Goldman: The Past Month Has Been One Giant Short Squeeze; Here's What Happens Next

A few weeks ago, we reported that far from representing improving fundamentals, blockbuster earnings or a stronger economy, the "second quarter has been just one giant short squeeze."

As we noted at the time, Goldman's prime desk had aggressively covered the most crowded short positions, and as we showed in the chart below, stocks with the highest short interest relative to float strongly outperformed their peers in most sectors. The outperformance was particularly dramatic in the Energy sector, which experienced a large increase in hedge fund net positioning during 1Q and has been the best-performing equity sector thus far in 2Q.

And the punchline: since the start of 2Q, large-cap Energy stocks have returned 15%, small-cap Energy stocks have returned 24%, and the most heavily shorted Energy stocks have returned 30%. In short: the biggest outperformers this quarter were those "most hated" names that saw the biggest short squeeze, a strategy that has been a guaranteed generator of alpha since 2012 when we first recommended going long a basket of the most shorted names.

In the meantime, we continued our observations of what was shaping up to be a historic short squeeze...

... with others also chiming in eventually:

Fast forward to today, when Goldman - no longer able to peddle some theory that stocks are rising on their own fundamental merit - admits that stocks with the highest short interest have rallied 8.1% more than the most popular hedge fund longs over the past 6 weeks.

Which is a delightful confirmation of what we said one month ago, when in addition to listing the top 50 hedge fund longs, we also listed the top 50 shorts and said "for those who are convinced that it's only a matter of time before a massive squeeze sends the most shorted names soaring, here is the list of the 50 stocks representing the largest short positions among hedge funds."

Well, a "massive" short squeeze is precisely what happened next.

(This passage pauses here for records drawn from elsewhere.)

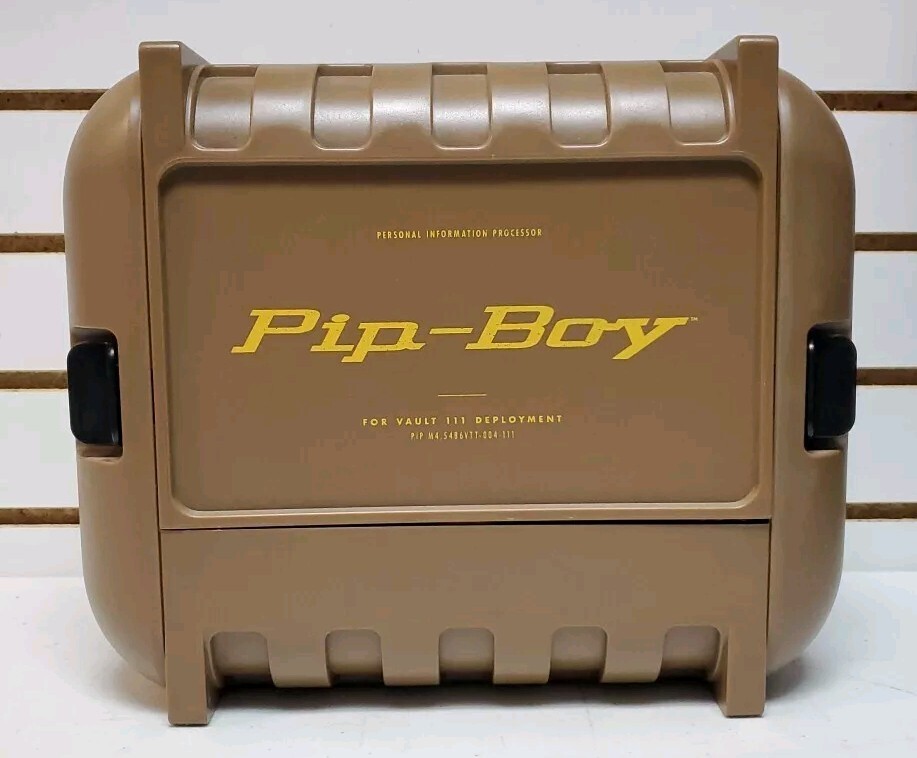 フォールアウト4 Fallout4 Pip Boy Edition A closer look at the Fallout 4 Pip-Boy | The Verge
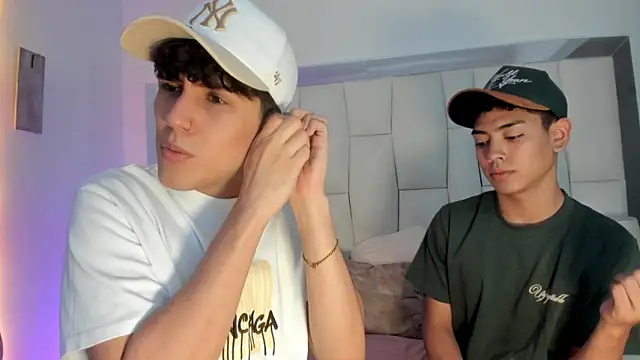 LoganTwink18 online show from March 26, 10:11 pm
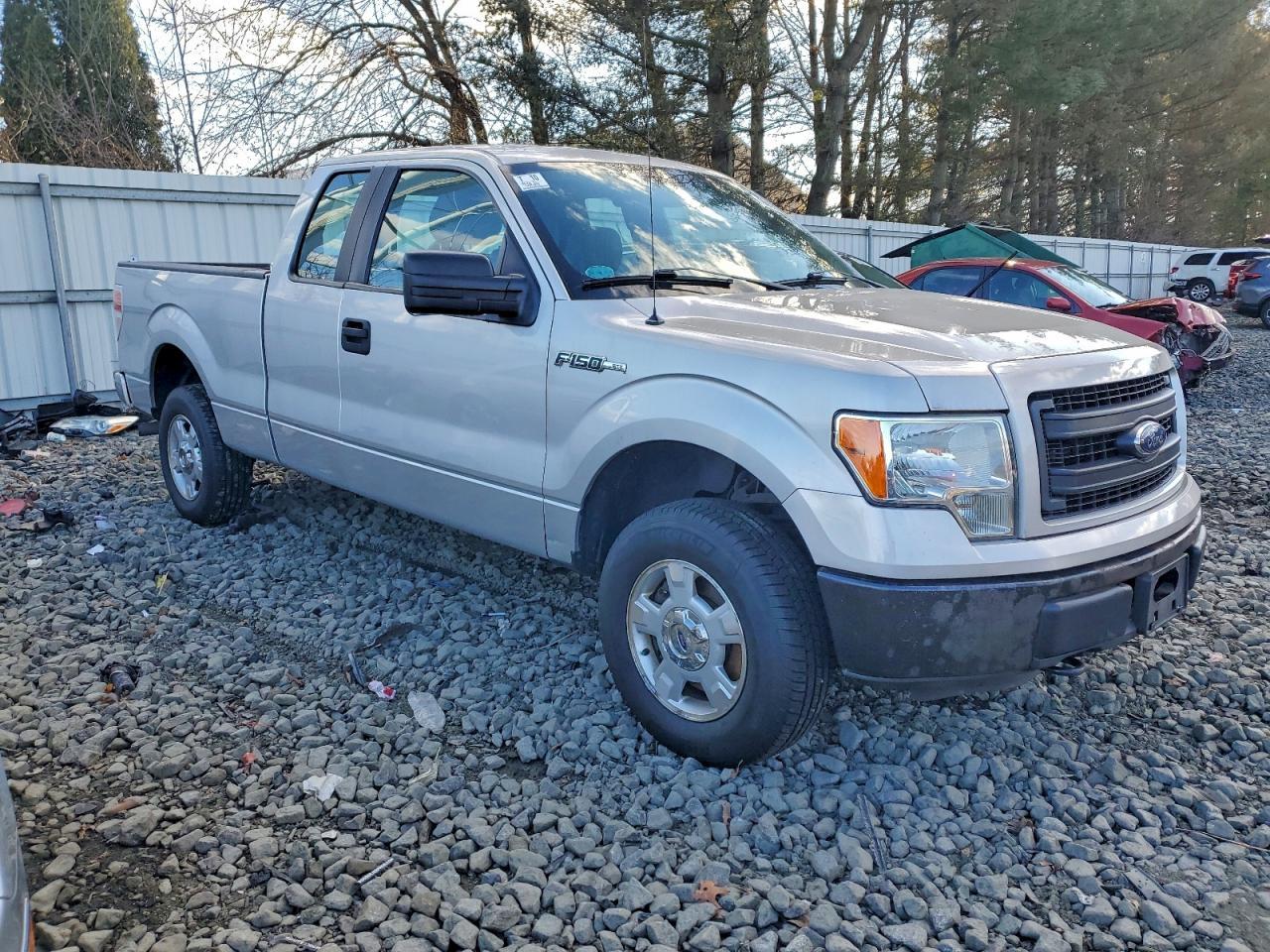 2014 Ford F150 Super Cab - Image 4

Some more details from Goldman on the market event of the past month:

This is a 2 standard deviation move when compared to the past 5 years. These “Most Shorted” names are  predominantly Small-Cap, Consumer Discretionary, Domestic focused names. This rally is evidence, in our view, that investors increasingly see the potential for fundamentally distressed companies to recover in a strong US growth environment even as global concerns that have held weighed on the broader equity market. This environment has been extremely tough for long/short investors whether fundamental or quant focused. In this note, we examine the key drivers and study the prior instances of short squeezes of a similar magnitude to assess what is likely to happen next.

And while Goldman did not tell its clients to go long the most shorted stocks a month ago (we did), it is now more than happy to explain "what happened" and what is driving the squeeze:

  • Strong US Growth and upside surprises: Our Economists 1. see US growth running at 3.8% (Q2 GDP Tracking Estimate) and data over the past three months has surprised to the upside by 0.5 st devs (MAP score). Strong growth increases the probability that fundamentally challenged companies survive and thrive.
  • High Yield rally: HY credit has rallied steadily over the past several months suggesting that riskier US companies have easier (or at least lower cost) access to funding. The rally in HY has been more than just beta as it has outperformed Investment Grade credit and broad equity indexes significantly, even on a risk adjusted basis.
  • Sector/Size/Domestic Exposure: Many of the companies in the “Most Shorted” basket (rebalanced monthly by our colleagues in the securities division) are small-cap, domestically focused names with a heavy weight in the Consumer Discretionary sector. Names in the Hedge Fund VIP basket created by our Portfolio Strategy team are relatively weighted towards Technology (42% of weight) and International names. Most shorted names have a median market cap of $2b vs. Hedge Fund VIP names at $69b.
  • M&A excitement: The basket of stocks our analysis 4. see as M&A targets (GSRHACQN) have outperformed the SPX by 4.8% over the past six weeks, suggesting investors are increasingly focused on companies that could be acquired. Several of the companies in the “Most Shorted” basket have been discussed in the media as potential M&A targets

So having missed a mega squeeze (if only for its clients, its prop desk is a different story), Goldman is now all too happy to provide advice on what happens next, as follows:

Over the past 5 years, the “Most Shorted” Basket has outperformed the Hedge Fund VIP basket by more than 1 standard deviations in only 11% of the 6-week rolling periods.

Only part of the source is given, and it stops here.